§ **Given data**:

[Start of Attachment]

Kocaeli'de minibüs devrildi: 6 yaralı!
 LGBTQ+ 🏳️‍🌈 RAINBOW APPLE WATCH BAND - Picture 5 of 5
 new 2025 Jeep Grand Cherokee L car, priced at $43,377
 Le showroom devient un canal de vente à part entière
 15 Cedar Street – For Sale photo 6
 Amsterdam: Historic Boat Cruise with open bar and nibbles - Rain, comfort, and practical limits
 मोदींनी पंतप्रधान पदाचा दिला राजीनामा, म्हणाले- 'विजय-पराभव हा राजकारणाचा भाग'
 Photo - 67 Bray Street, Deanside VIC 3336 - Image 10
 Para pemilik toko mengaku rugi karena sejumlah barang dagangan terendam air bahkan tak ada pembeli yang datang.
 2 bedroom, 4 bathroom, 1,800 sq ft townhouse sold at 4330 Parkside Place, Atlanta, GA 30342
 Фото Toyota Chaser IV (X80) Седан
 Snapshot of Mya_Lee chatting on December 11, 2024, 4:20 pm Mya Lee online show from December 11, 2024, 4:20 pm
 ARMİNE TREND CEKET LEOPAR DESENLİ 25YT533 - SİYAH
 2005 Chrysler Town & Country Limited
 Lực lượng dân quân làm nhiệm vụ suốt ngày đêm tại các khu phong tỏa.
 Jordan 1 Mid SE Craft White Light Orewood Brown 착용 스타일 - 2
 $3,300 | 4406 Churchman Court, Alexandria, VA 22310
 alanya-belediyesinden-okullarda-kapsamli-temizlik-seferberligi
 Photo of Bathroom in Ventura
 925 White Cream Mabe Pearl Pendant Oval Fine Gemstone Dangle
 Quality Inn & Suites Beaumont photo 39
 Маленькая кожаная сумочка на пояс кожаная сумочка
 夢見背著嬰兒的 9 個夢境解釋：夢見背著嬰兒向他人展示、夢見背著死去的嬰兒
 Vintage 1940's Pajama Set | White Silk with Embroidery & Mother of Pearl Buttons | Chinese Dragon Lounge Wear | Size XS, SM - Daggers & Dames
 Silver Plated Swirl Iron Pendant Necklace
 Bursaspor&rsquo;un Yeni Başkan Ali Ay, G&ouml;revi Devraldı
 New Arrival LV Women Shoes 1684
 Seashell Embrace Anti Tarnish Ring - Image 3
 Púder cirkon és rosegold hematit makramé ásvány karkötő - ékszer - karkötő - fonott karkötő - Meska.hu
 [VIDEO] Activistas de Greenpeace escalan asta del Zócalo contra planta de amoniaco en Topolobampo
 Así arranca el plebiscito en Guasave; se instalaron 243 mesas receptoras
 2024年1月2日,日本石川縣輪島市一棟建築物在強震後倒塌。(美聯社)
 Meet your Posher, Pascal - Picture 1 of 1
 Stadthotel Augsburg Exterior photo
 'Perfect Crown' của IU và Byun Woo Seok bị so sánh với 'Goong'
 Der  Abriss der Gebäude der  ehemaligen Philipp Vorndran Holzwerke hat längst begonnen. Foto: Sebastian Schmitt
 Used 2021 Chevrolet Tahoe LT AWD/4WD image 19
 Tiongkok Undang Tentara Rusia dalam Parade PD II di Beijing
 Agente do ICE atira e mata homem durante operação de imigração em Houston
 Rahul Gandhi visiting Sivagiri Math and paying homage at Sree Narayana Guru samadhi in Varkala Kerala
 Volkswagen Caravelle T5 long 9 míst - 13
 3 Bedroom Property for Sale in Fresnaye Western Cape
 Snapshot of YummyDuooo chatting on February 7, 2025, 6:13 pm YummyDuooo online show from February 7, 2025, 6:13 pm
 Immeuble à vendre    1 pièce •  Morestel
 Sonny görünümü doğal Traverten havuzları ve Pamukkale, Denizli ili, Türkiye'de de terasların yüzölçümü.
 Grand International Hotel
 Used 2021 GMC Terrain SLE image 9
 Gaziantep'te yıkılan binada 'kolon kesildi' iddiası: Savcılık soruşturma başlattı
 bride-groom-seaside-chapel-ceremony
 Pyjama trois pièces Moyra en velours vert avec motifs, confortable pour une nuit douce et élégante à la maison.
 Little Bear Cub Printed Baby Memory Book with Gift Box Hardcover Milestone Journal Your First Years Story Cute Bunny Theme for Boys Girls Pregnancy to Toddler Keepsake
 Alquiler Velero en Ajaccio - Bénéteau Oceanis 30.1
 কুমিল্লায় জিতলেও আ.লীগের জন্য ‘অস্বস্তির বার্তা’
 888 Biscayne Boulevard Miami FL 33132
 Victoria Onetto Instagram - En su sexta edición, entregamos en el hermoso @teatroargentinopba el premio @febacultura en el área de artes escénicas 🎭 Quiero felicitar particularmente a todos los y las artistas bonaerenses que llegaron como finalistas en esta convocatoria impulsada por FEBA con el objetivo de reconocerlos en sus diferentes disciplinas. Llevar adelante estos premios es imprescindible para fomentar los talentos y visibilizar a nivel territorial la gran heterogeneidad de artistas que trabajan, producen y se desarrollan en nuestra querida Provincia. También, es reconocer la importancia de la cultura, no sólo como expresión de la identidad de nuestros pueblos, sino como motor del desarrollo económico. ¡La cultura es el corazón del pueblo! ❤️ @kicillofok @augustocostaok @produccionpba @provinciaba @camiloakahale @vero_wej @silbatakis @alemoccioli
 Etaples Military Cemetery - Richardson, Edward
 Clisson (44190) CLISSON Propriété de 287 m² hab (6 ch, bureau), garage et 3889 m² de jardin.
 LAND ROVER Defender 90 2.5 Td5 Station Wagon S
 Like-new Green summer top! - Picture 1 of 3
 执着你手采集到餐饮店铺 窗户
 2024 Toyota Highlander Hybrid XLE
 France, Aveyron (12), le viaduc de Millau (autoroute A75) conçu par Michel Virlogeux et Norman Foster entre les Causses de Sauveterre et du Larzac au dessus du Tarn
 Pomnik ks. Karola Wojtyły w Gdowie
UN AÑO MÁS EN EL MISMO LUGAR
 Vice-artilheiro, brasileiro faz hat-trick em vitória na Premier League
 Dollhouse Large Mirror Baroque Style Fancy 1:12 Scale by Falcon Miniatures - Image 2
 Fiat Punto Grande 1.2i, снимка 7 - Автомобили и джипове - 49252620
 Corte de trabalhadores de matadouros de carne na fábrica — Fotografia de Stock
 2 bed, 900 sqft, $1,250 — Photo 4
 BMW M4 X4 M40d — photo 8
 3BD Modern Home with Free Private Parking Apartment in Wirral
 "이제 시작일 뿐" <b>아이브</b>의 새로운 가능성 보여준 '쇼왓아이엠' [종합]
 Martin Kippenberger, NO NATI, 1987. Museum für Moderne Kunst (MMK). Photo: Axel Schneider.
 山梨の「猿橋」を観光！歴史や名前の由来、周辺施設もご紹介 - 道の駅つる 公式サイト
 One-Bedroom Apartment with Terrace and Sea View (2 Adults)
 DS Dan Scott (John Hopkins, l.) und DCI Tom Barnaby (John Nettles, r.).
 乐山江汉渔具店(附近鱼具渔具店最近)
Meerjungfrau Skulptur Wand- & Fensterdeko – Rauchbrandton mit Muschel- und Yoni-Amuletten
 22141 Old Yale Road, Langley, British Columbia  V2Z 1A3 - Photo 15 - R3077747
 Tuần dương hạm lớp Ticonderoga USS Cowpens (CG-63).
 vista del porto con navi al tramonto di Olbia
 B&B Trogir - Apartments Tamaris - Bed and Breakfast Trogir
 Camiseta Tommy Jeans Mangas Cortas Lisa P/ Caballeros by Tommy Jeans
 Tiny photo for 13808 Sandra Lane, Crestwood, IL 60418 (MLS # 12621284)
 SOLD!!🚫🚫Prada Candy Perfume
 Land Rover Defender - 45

[End of Attachment]

How many lines of the data hold the string "from"? Reply with the number alone.

2